Eat is the first high-street brand to announce its involvement in the new Pouch loyalty app from Weve – the joint venture between mobile operators EE, O2 and Vodafone. It’s an important sign that the future of retail is interlinked with data and mobile devices.

Michael Barnett

The Pouch app allows consumers to access different loyalty accounts from one place, while also integrating ‘beacons’. These are a Bluetooth-based technology that means retailers can see who has entered their store and enables them to push targeted offers and messages to the individual. They pinpoint you much more accurately than a GPS, but only transmit the data to sensors close by.

This sounds like the kind of behaviour tracking that will undoubtedly polarise shoppers – at least to begin with. Gung-ho, tech-happy types will try anything if it promises to give them a new way of smart shopping, while the more cynical will give a wide berth to an app that tells a company when you’re in their shop.

That alone is enough to make one cautious about Pouch’s prospects of success, but it doesn’t change the fact that the mobile is the key that will unlock the next phase of growth for retailers. The location-based aspect of Pouch is just one facet of the now-inextricable link between smartphones and shopping. The loyalty side of it is potentially much more interesting.

As I wrote at the end of last year, mobile payment apps are one development that is going to make loyalty schemes – or targeted discounts at the very least – much more accessible. Pouch could follow in the same vein. Replacing all your cards, coupons and codes with one app makes things simpler and more manageable, both for consumers and for retailers.

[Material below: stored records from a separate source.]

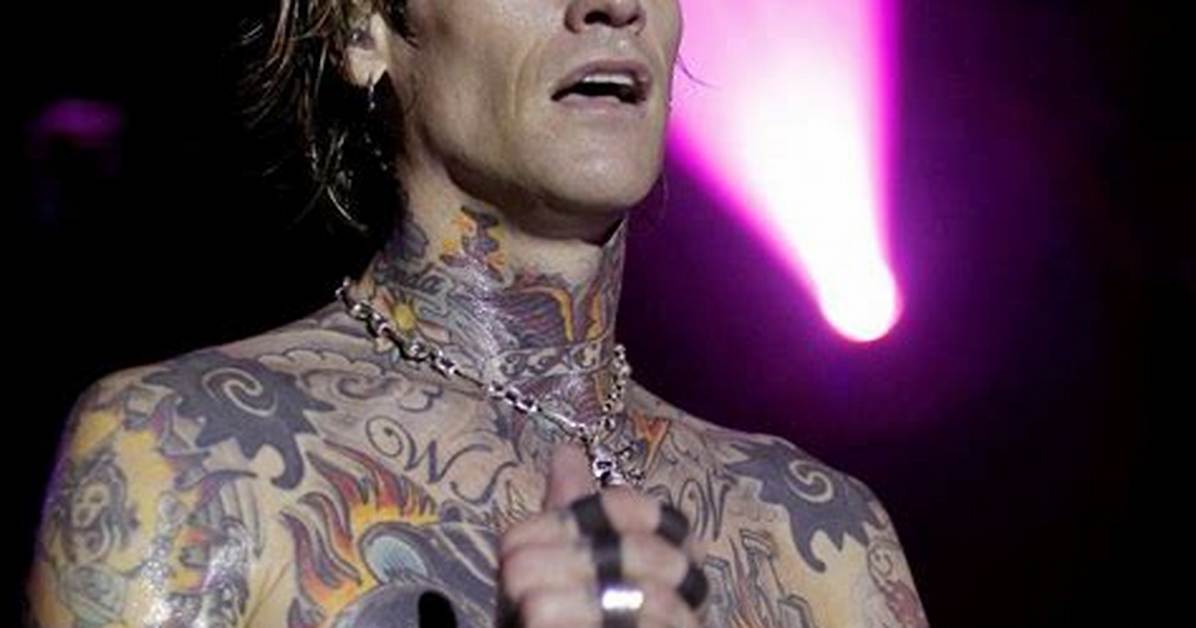 Josh Todd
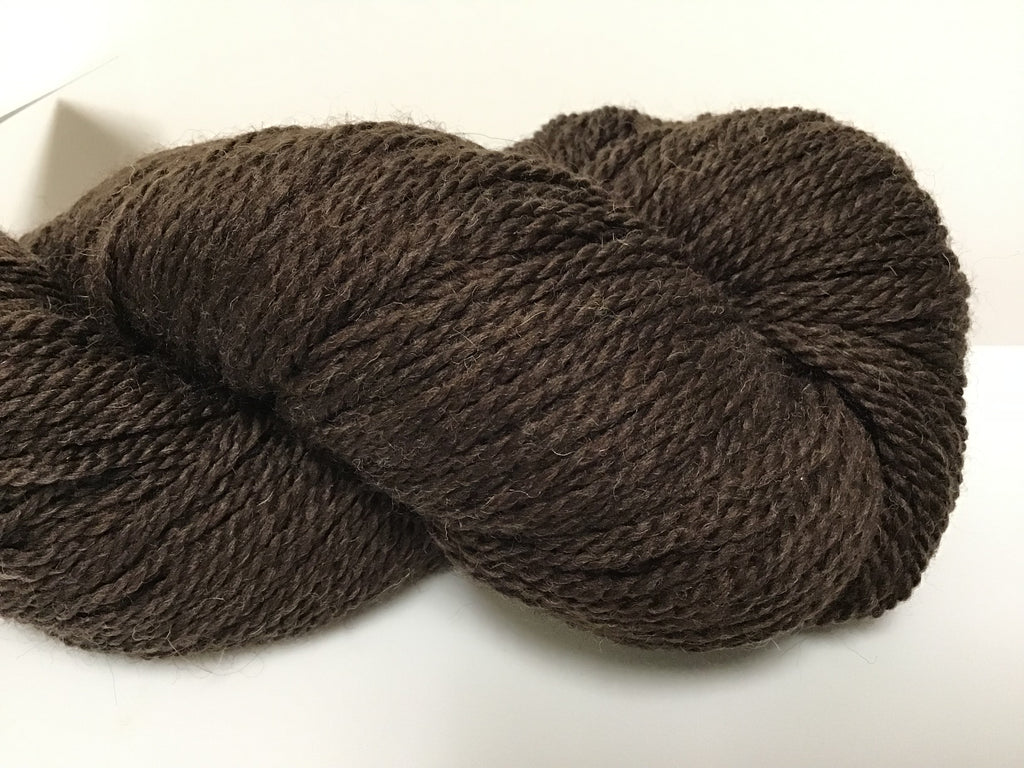 Woolstok Worsted 150g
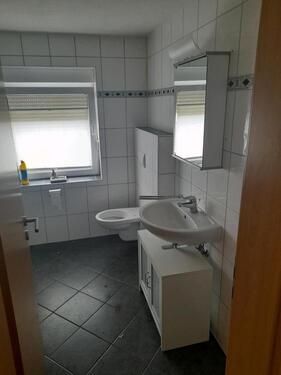 Foto - Etagenwohnung in Papenburg zur Miete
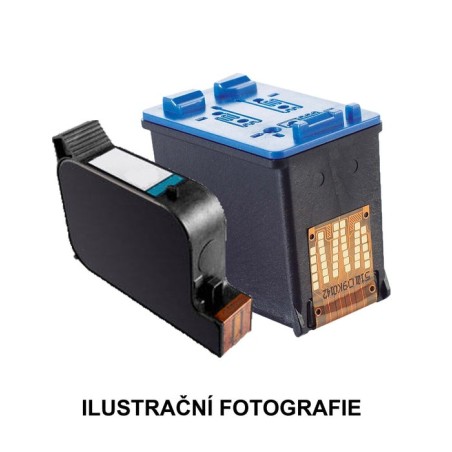 Tinta compatible owa. hp 339 bk hc negro c8767ee
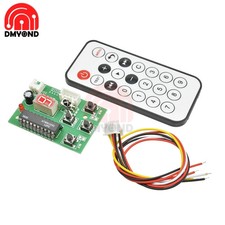 Schrittmotor Controller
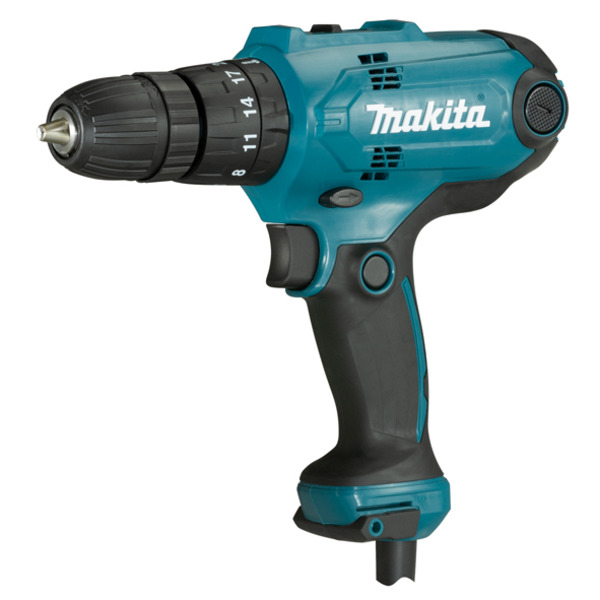 MAKITA HP0300 HAMMER DRIVER DRILL 320W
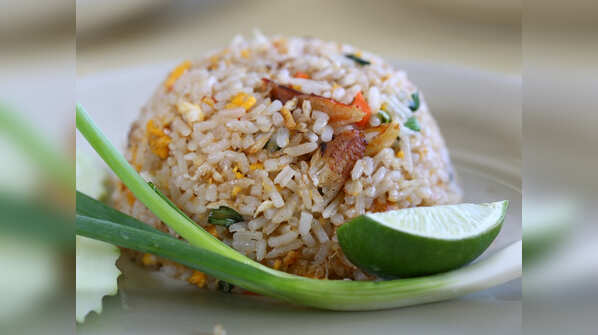 Rice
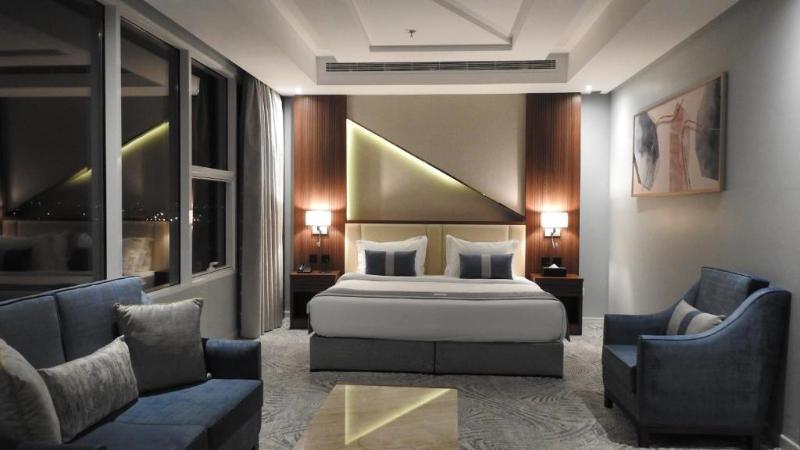 Level Nine Hotel image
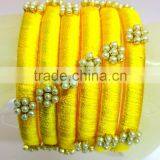 Flower Collection,Latest Indian Festival Jewelry Collection thumbnail-1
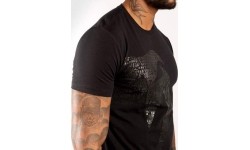 Męska koszulka Venum Giant - Matte/Black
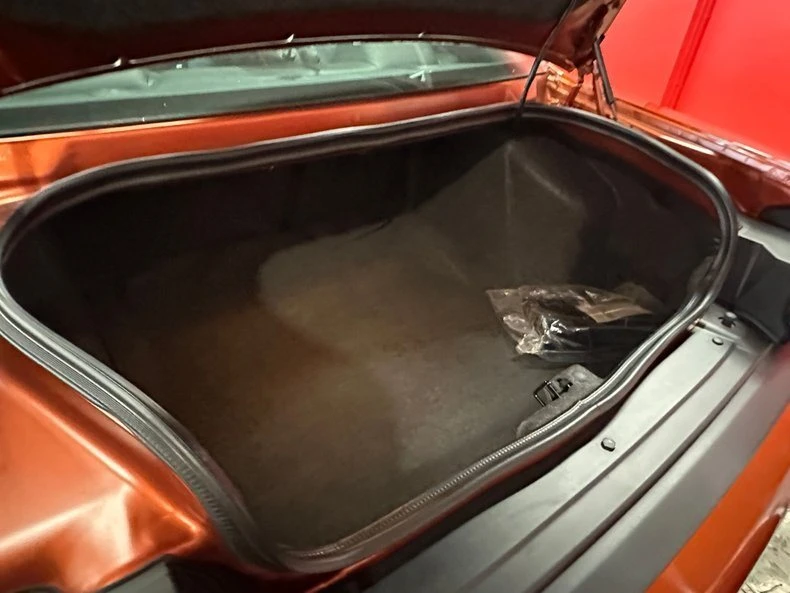 2021 Dodge Challenger 3rd Gen - Image 19 of 19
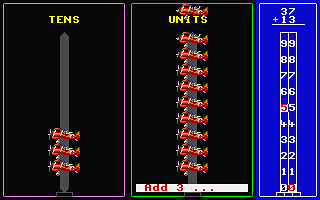 Family Curriculum - Junior School Module atari screenshot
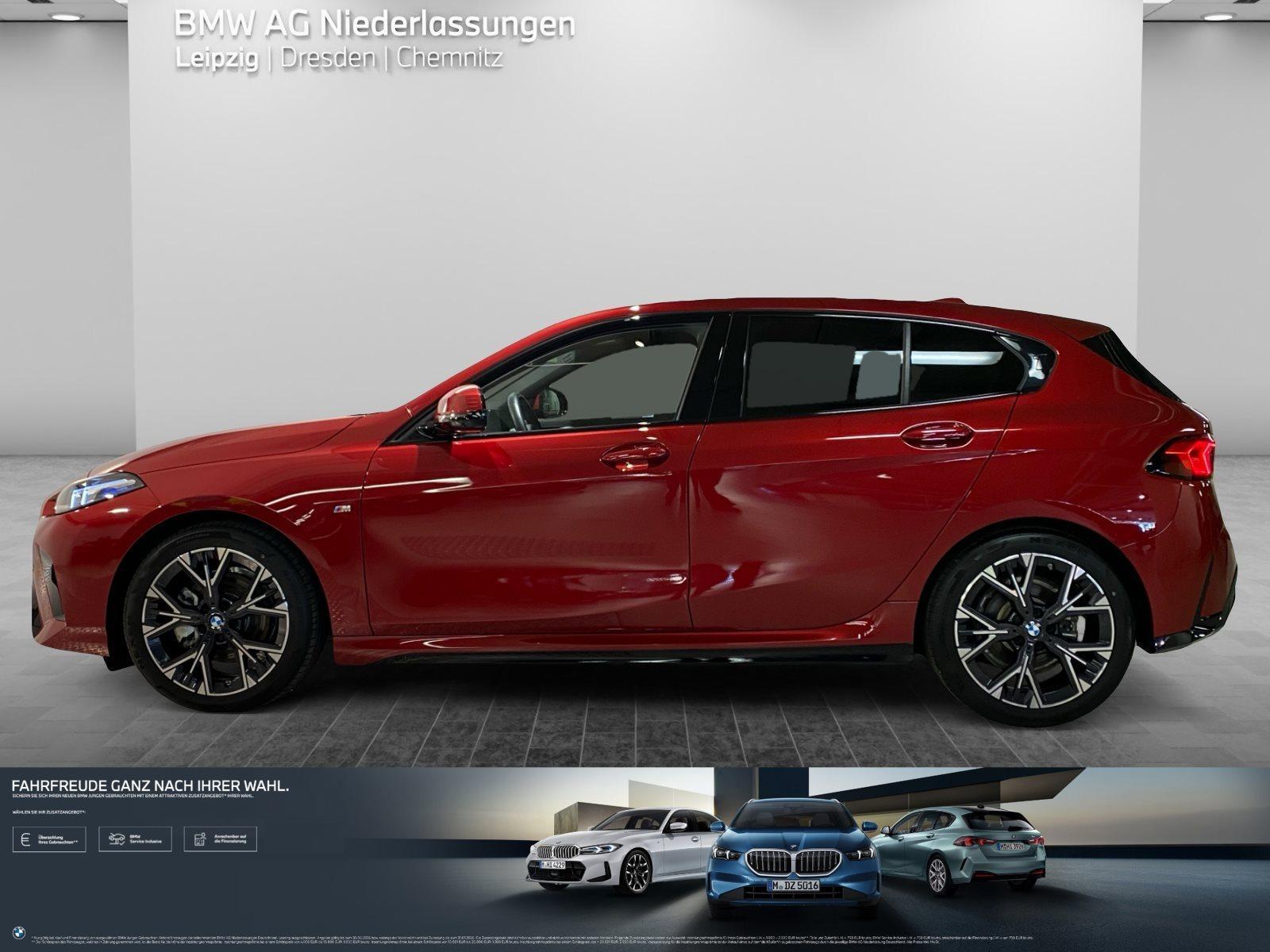 BMW 1er – Bild 4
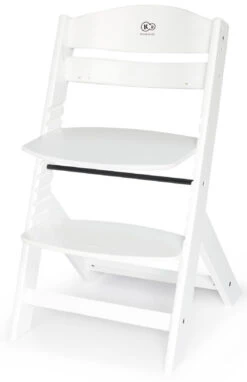 Kinderkraft Enock Wit Meegroei Kinderstoel KKKENOCWHTF000 -Winkel Voor Babyproducten kinderkraft enock wit meegroei kinderstoel kkkenocnat0000 3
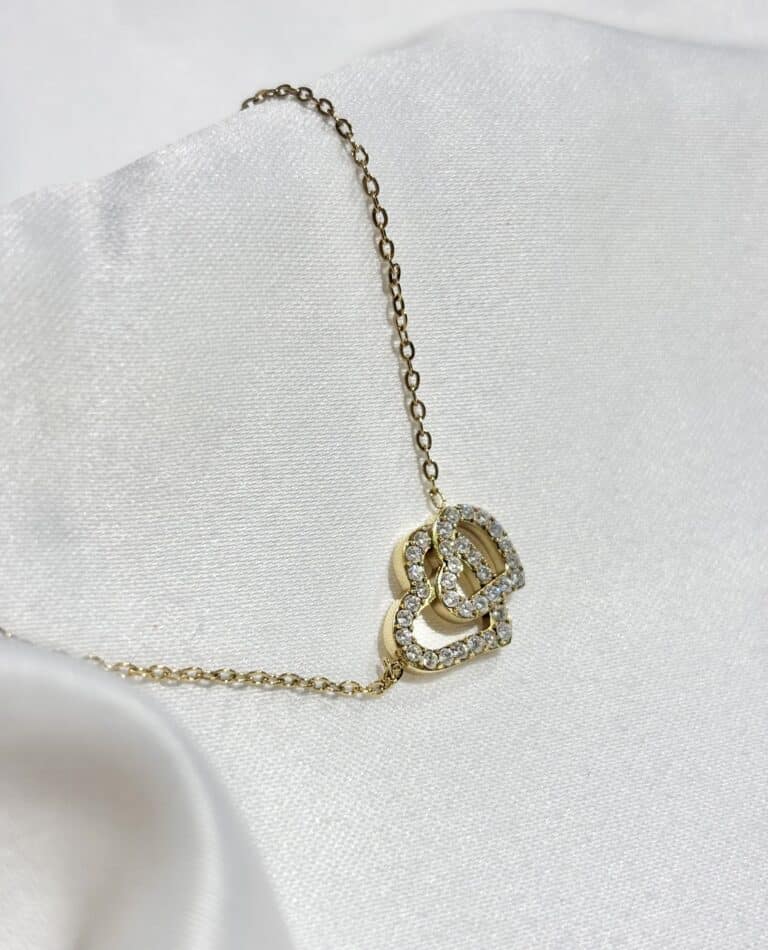 collier sohaia bijoux acier inoxydable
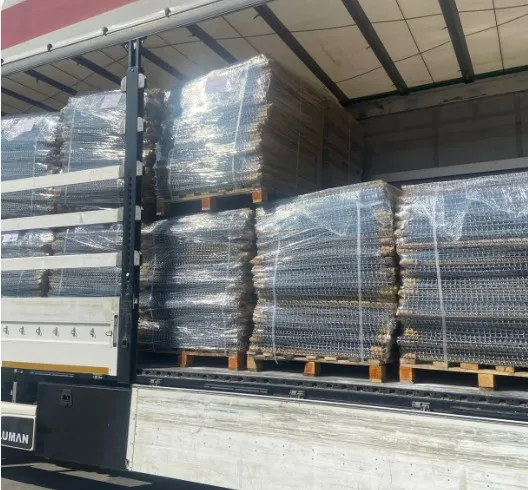 Hesco Bariyer Fiyatları ve Hesco Bariyer Çözümleri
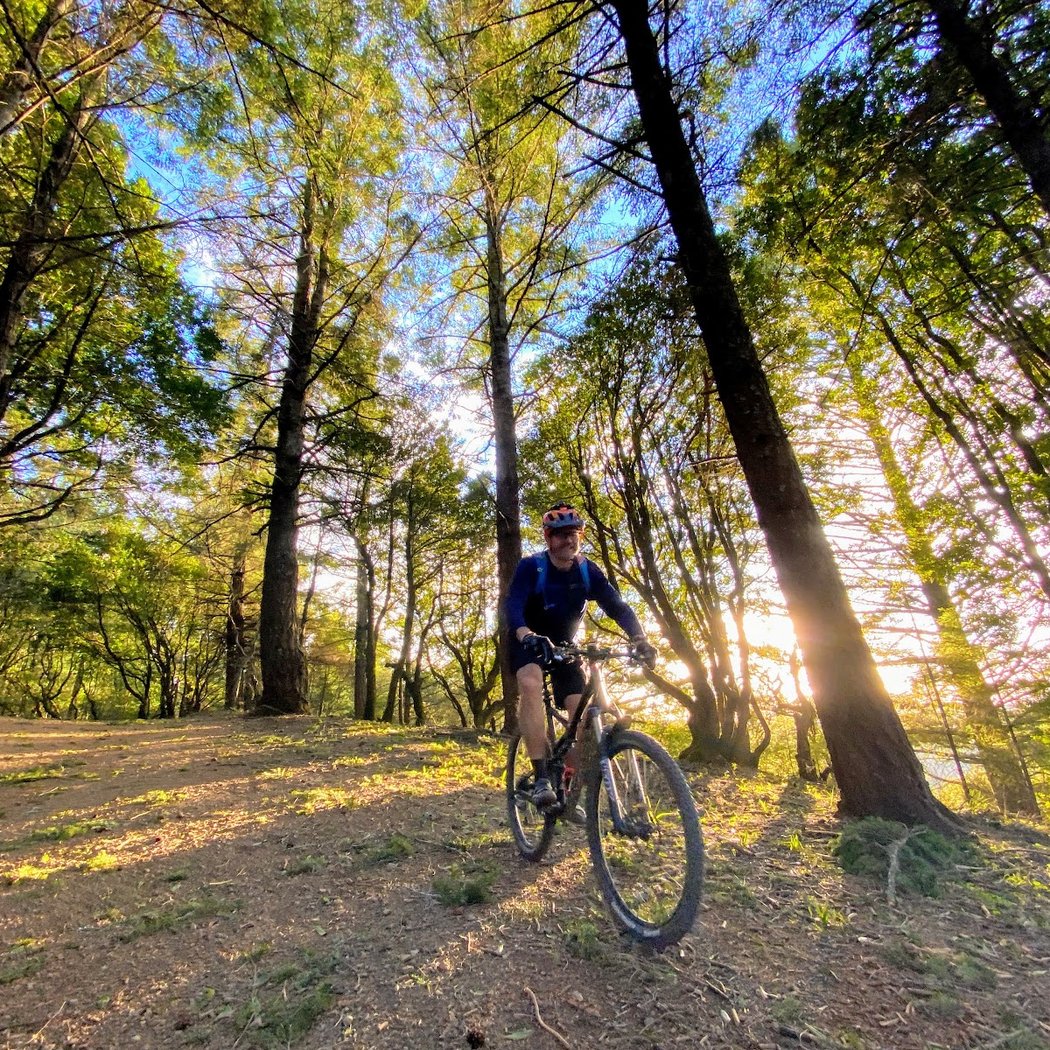 White Hill Preserve 3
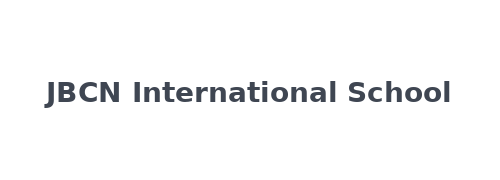 JBCN International School logo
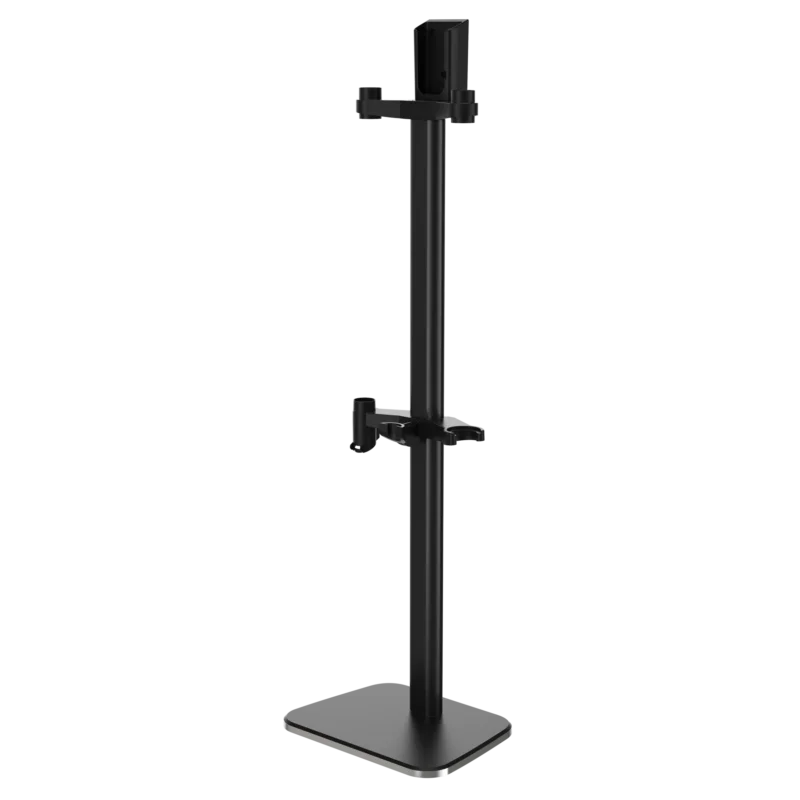 Base de acoplamiento Rowenta ZR905004 aspiradora escoba X-Force Flex 10.80
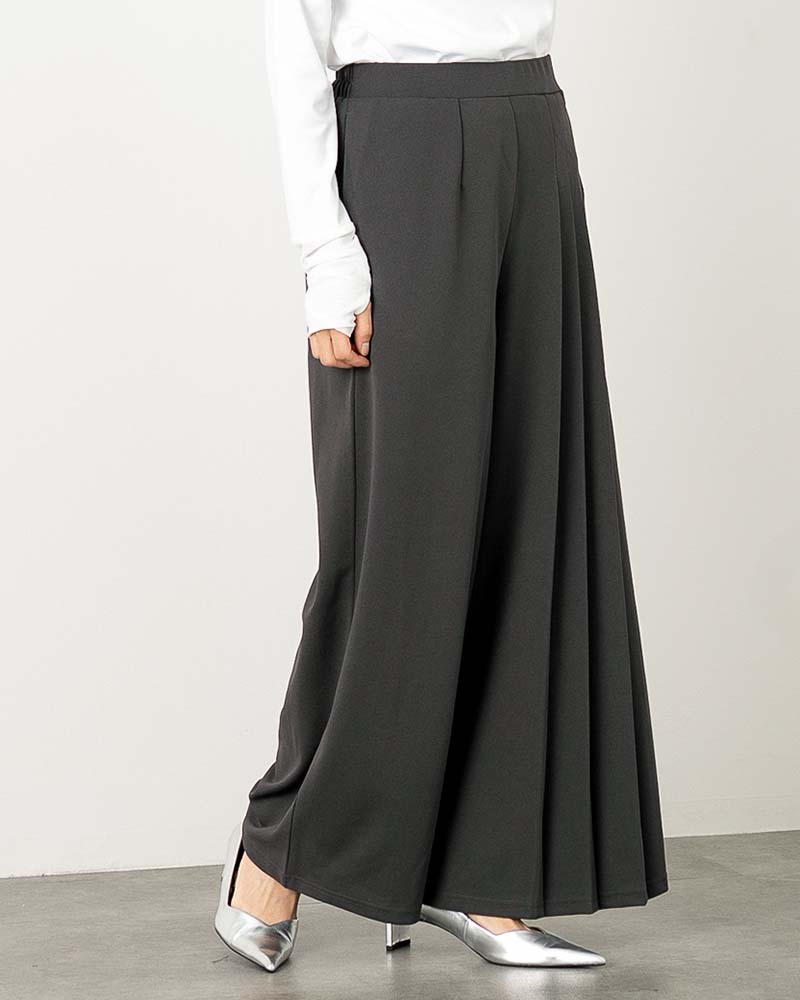 ★美品★ Zimmermannポルカドットジョーゼット/プリーツ正規品18万 ☆美品☆ Zimmermannポルカドットジョーゼットドレス/プリーツ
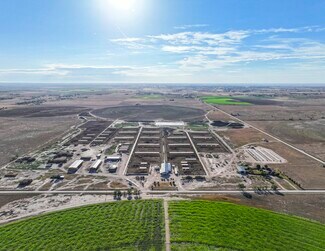 Plus de détails pour 327 S Roosevelt Road O, Portales, NM - Terrain à vendre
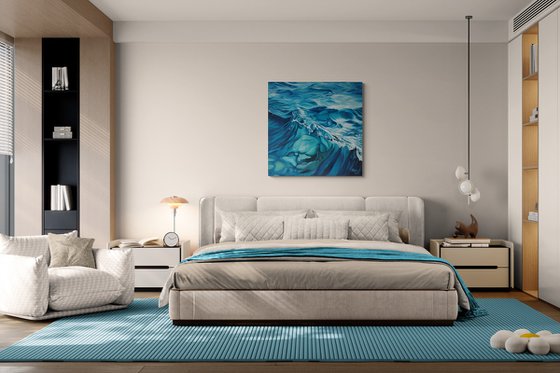 The Azure Cradle. Termini Imerese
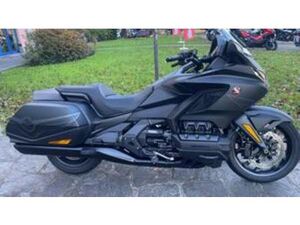 GL 1800 GOLD WING 50° ANNIVERSARIO (2025)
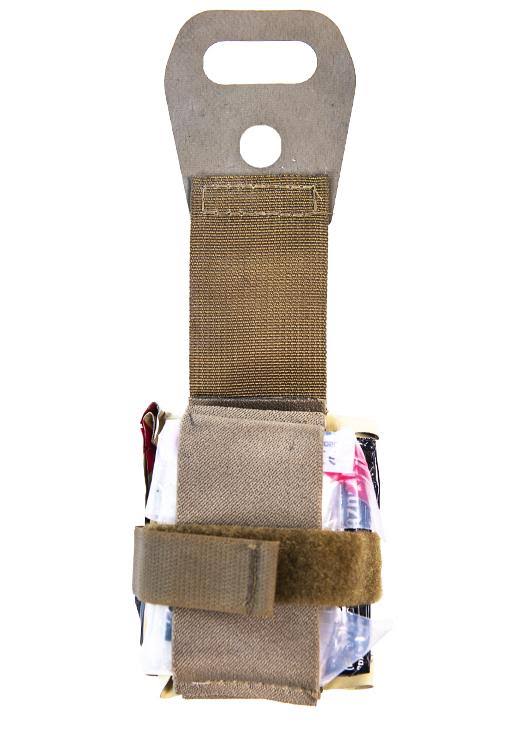 Black Medical Pouch Y6146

It should lower the costs to brands of developing and running loyalty schemes, because it is up to them how ambitious they want to be, as well as how much data they want to collect and analyse. ‘White label’ services, where companies such as O2 owner Telefonica build a loyalty scheme on another company’s behalf, will likewise lower the barriers to entry, particularly for small businesses.

I haven’t even mentioned the more basic principles of mobile marketing for retailers yet. For example, having a mobile-optimised ecommerce site, and making sure your Google Maps listings are up-to-date with accurate details and a link to said site.

If you’re a retailer, you’re probably worried about showrooming (where consumers go into a shop to try out a product but could be looking online for better prices at the very same moment), however you probably also know consumers aren’t going to stop doing it. So surely it makes sense to ensure you’re giving them every opportunity to choose your brand then and there, whether it’s from the shelf or from the mobile screen.